Le montant des dons devrait ainsi atteindre près de 1 million d'euros cette année, soit 10% du budget annuel des travaux. En huit ans, ce sont déjà 7,7 millions d'euros qui ont été collectés, 1/3 auprès des particuliers, 2/3 auprès des entreprises.

« C'est une belle réussite pour un projet de collecte récent », se félicite le responsable Mécénat de VNF.

Groupe familial basé à Saint-Mathieu-de-Tréviers, Philip Frères fait partie des 60 mécènes du Club entreprises, et la société est un des plus gros donateurs du club.

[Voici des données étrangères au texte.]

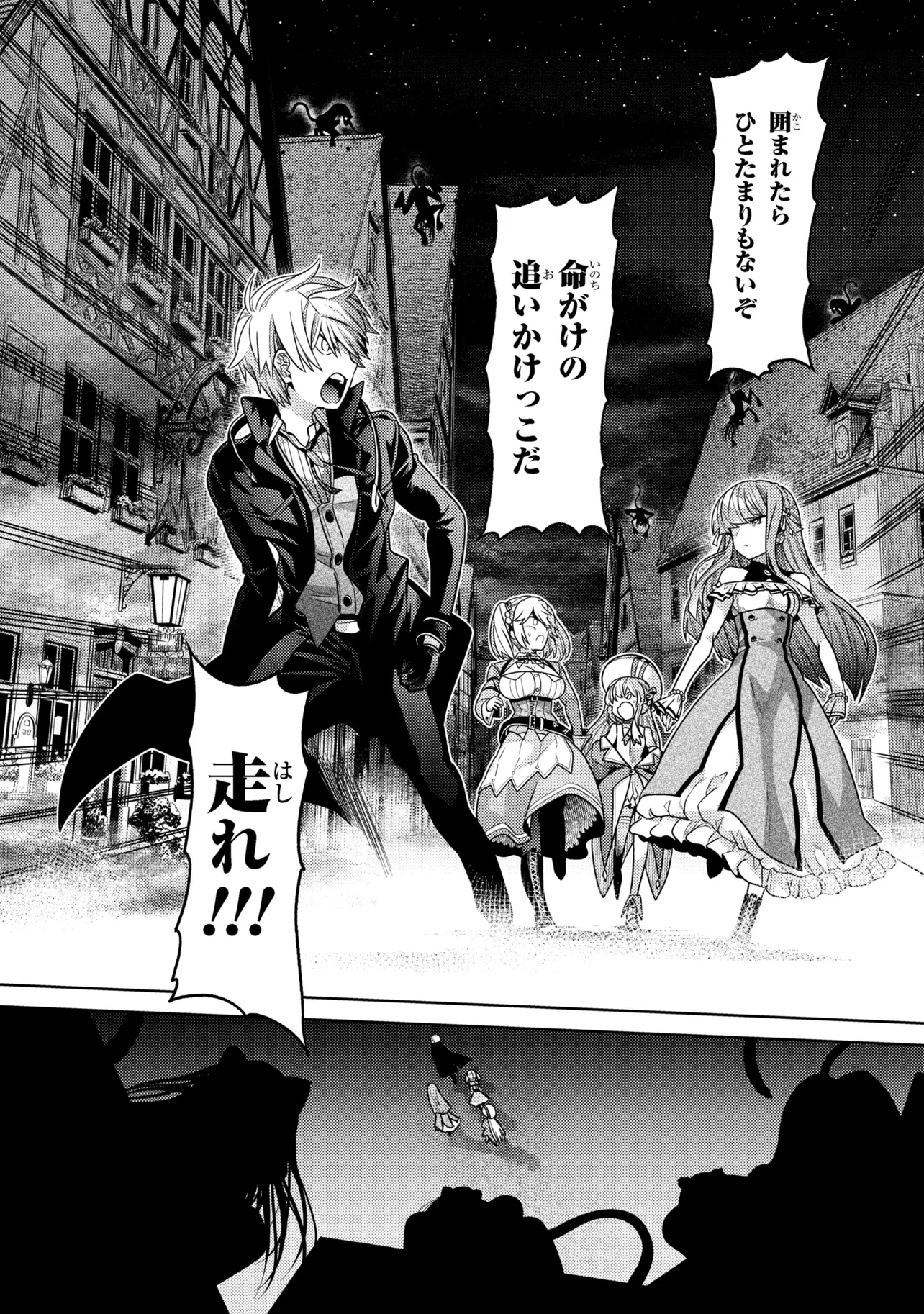 Sekai Saikou no Ansatsusha, Isekai Kizoku ni Tensei Suru - Chapter 41.2 - Page 11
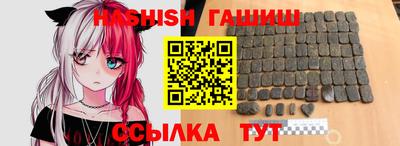 спайс Будённовск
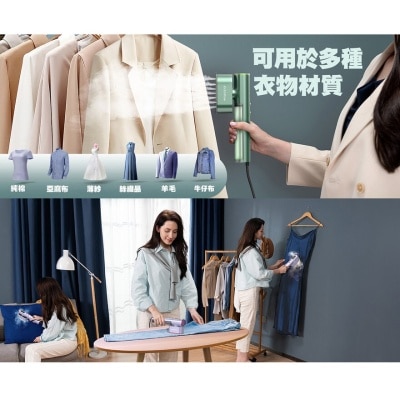 FTRHK-13862793-FEAT1-thumbnail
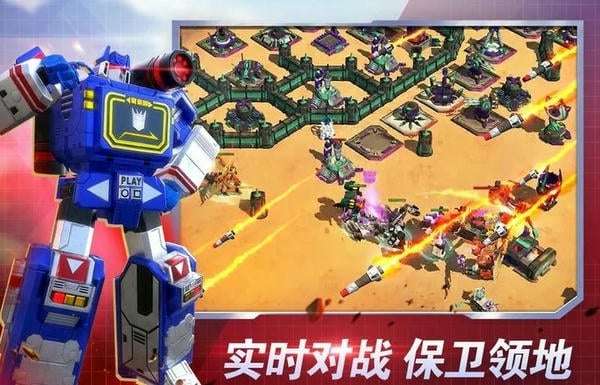 变形金刚地球之战小米游戏 v25.1.5.383 安卓版 1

« Il était important pour nous de soutenir l'action de mécénat de VNF à travers un partenariat triennal 2021-2023, dans lequel nous nous engageons à verser 30.000 euros par an, soit un tiers de notre budget RSE annuel, témoigne Emmanuel Dupas, directeur général délégué de la société, spécialisée dans les travaux de plantation, débrousaillage et génie écologique (120 salariés). Leurs actions sont en parfaite adéquation avec notre sensibilité aux enjeux écologiques. La lutte contre le chancre coloré nous touche directement car VNF est notre client depuis vingt ans, et nous menons notamment les travaux pour conforter les chemins de halage une fois les platanes abattus. »

Difficile de dire si le budget initial de 220 millions d'euros sera respecté, la route étant encore longue.

« Chaque année, l'ensemble du linéaire est ausculté, c'est du vivant, il est difficile de savoir comment cela va se passer sur les dix années à venir... », reconnaît Anne-Lise Dauphin.

* Voies navigables de France (VNF) s'occupe de l'entretien et de l'exploitation de 6.700 km de fleuves, canaux et rivières canalisées, soit le plus grand réseau européen de voies navigables.